Imports also fell by 1.3 percent, suggesting that German consumers are also losing faith in the country's economy.

In a statement, the statistics office blamed late-falling summer vacations in some German regions and the Ukraine crisis for the fall in exports and imports.

The dismal statistics are the latest sign that Germany is facing an economic slowdown.

In August, the ZEW think-tank’s index of financial market confidence, a trusted indicator of German economic sentiment, hit its lowest level since December 2012.

The fall was attributed to the weak eurozone and fears about the EU's ongoing sanctions battle with Russia.

According to Eurostat, the EU's data office, Germany's output fell by 0.2 percent between April and June, after expanding by 0.8 percent in the first three months of 2014.

On Thursday, four of the country's top economic institutes urged chancellor Angela Merkel to increase public spending in a bid to stoke the economic engine.

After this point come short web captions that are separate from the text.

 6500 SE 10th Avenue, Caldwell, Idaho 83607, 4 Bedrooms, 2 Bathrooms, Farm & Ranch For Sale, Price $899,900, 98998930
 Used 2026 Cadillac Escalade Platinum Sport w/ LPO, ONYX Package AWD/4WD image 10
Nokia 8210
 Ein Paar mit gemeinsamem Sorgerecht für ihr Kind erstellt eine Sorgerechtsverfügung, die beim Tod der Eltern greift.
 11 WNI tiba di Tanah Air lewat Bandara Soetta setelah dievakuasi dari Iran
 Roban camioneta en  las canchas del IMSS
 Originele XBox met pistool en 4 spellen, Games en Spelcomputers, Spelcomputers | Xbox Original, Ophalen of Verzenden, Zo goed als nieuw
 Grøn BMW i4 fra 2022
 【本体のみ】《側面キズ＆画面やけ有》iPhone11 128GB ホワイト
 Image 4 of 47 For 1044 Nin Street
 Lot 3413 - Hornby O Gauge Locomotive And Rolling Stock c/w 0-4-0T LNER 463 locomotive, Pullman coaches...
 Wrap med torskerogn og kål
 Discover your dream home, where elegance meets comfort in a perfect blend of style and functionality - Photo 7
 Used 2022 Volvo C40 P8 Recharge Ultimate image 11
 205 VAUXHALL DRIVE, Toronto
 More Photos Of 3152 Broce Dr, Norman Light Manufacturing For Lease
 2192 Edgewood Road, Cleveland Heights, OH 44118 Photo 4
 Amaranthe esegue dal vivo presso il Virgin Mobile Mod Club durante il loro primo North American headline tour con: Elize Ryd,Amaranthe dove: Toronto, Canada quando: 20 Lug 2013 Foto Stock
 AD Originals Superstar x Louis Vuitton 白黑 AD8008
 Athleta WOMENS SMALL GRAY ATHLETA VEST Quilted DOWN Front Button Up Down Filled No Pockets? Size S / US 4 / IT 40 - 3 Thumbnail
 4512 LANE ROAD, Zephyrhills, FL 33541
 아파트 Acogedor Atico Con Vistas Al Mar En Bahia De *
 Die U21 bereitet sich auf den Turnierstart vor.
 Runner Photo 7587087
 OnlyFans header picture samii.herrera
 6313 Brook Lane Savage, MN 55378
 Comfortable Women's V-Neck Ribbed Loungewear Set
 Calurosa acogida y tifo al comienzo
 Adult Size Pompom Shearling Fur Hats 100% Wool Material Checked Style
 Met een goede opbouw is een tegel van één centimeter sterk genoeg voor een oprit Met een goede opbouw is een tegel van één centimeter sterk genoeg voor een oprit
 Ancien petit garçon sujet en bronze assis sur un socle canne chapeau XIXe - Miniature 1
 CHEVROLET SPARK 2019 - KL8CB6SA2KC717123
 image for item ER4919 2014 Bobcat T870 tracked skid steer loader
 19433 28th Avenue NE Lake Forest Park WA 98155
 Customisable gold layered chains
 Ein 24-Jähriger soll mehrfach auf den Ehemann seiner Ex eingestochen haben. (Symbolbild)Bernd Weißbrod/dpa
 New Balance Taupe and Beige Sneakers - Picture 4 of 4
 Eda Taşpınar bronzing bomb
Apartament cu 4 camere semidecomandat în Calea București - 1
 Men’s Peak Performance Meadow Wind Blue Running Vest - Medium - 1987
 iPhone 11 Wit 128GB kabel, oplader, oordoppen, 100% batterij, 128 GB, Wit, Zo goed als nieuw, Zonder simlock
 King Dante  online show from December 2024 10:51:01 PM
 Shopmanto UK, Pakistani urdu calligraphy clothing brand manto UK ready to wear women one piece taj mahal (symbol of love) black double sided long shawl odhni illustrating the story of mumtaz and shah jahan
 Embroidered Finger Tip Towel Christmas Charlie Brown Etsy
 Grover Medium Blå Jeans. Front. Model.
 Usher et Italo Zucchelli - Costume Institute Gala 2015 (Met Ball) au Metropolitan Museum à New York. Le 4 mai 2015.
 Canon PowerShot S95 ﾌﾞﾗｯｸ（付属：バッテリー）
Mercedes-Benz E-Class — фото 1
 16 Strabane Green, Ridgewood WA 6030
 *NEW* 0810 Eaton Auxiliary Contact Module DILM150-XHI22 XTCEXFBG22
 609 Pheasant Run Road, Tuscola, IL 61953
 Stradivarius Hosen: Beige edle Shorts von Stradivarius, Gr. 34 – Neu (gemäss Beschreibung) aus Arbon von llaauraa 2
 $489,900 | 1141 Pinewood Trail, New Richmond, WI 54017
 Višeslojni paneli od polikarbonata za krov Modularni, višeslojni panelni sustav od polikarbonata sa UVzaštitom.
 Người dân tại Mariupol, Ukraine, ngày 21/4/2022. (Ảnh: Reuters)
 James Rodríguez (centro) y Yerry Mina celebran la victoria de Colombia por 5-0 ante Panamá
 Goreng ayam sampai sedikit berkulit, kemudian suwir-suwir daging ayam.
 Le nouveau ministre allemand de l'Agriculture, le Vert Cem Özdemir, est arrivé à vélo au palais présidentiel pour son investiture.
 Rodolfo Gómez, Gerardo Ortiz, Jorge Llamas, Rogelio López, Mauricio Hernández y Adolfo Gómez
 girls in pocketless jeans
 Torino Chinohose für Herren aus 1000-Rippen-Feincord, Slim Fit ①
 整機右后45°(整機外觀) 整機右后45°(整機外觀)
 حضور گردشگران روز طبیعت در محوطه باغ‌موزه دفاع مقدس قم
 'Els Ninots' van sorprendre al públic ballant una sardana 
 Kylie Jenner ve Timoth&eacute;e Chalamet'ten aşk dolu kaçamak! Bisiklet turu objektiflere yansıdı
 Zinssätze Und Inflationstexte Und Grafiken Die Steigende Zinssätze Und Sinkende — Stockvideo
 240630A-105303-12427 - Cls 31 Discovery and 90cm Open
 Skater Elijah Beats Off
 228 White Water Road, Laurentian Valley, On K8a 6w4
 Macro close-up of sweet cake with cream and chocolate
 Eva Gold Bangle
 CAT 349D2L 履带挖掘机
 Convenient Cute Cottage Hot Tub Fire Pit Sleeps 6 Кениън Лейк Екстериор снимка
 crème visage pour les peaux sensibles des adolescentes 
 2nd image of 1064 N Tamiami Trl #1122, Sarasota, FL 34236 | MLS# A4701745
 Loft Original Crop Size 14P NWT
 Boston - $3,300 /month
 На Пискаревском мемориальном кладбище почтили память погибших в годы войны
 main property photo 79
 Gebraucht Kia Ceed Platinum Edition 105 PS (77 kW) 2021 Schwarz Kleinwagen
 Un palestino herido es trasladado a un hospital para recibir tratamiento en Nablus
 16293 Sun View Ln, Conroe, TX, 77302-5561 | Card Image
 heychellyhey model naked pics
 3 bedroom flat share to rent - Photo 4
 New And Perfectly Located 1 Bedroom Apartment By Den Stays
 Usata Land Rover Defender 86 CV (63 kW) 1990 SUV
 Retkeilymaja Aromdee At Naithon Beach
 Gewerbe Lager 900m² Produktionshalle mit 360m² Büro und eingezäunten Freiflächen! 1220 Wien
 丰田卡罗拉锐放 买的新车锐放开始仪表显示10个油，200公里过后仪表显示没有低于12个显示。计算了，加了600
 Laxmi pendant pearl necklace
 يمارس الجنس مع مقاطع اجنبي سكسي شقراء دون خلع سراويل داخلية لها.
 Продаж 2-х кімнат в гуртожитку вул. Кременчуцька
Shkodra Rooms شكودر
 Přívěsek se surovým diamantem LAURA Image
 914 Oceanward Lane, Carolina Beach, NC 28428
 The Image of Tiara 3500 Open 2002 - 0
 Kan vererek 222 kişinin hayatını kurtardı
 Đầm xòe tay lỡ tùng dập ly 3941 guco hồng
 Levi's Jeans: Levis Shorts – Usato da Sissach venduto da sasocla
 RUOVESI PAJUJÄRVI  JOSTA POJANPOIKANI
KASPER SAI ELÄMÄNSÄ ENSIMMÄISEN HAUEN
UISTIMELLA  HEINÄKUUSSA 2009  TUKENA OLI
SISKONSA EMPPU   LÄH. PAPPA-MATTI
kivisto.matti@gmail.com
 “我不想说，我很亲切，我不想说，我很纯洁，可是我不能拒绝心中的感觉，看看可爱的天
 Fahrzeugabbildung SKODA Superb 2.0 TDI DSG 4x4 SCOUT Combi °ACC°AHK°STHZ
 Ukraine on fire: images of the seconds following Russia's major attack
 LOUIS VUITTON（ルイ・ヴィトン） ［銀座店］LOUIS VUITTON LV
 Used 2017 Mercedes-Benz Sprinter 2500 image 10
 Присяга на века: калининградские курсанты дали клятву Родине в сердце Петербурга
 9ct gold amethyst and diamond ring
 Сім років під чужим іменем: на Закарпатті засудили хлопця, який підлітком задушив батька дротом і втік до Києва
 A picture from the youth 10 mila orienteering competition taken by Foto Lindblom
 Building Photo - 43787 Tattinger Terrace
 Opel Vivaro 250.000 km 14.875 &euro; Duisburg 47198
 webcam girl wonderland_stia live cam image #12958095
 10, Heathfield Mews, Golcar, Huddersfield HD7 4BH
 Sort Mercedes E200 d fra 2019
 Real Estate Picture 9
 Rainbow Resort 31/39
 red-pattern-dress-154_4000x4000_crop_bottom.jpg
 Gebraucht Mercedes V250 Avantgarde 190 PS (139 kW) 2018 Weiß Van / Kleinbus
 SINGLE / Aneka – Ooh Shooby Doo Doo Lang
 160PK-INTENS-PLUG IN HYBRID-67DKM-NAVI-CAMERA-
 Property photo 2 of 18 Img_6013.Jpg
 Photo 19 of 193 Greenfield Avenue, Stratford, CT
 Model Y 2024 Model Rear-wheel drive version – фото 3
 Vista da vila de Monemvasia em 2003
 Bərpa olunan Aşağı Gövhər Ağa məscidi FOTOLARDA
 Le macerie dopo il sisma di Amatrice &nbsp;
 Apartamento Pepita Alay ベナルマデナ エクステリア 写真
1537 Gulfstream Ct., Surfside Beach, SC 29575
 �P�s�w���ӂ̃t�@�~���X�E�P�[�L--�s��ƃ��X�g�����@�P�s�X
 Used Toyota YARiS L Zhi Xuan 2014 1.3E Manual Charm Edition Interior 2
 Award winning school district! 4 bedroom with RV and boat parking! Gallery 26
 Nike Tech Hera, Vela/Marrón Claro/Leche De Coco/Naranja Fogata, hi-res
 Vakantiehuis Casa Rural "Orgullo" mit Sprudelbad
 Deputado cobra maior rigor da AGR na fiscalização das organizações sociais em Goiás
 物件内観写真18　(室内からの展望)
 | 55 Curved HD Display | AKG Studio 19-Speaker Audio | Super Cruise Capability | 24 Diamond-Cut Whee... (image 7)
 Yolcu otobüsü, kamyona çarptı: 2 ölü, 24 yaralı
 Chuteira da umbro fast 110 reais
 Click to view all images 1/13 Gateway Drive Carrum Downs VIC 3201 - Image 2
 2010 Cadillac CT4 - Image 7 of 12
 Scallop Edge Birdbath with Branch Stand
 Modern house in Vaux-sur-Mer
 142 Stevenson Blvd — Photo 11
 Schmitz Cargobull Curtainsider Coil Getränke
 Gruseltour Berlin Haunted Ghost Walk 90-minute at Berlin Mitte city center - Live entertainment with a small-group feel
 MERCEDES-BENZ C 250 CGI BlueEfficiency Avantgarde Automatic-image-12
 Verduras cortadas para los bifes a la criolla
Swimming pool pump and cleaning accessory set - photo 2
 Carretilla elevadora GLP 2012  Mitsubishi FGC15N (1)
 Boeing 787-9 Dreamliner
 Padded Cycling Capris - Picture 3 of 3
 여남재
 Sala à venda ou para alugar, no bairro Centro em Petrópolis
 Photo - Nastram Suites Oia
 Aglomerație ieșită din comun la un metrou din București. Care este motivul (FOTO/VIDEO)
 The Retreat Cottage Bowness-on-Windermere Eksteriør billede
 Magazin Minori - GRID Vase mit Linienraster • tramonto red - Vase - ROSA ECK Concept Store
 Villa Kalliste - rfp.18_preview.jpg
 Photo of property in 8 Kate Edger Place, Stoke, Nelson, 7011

"On the spending side, public spending should be increased in those areas which can potentially boost growth," the IFO institute in Munich, DIW of Berlin, RWI of Essen and IWH of Halle said in a joint report.

“After gross domestic product contracted in the second quarter and likely stagnated in the third quarter, the economic engine is finding it difficult to get going,” they added.

At a news conference in Berlin, DIW's Ferdinand Fichter called on the government to make "sufficient use of the margin for financial manoeuvre with regard to investment, such as in infrastructure".

He added that a balanced budget "isn't necessarily an end in itself from an economic point of view."

The EU commission, along with US treasury secretary Jack Lew and numerous EU counterparts, continue to urge Germany to shift its focus from trade surpluses, arguing that increasing public investment and wage levels would stimulate demand and higher growth across the bloc.

As the eurozone's powerhouse, the effect of a German recession would be felt across the bloc.

Economic growth across the 18 countries using the single currency was flat in the second quarter and the bloc is likely to record anaemic growth rates this year.

For their part, the IMF forecast earlier this week that the eurozone economy would grow by 0.8 percent in 2014, rising to 1.3 percent next year in its annual economic outlook report. It also warned that the currency area faced the threat of a triple-dip recession.

But despite the threat of recession, Germany still recorded a trade surplus of €17.5 billion in August, taking its total surplus in the first eight months of this year to €137 billion.

Meanwhile, exports totalled €743.6 billion between January and August, just over €20 billion higher than the same period in 2013.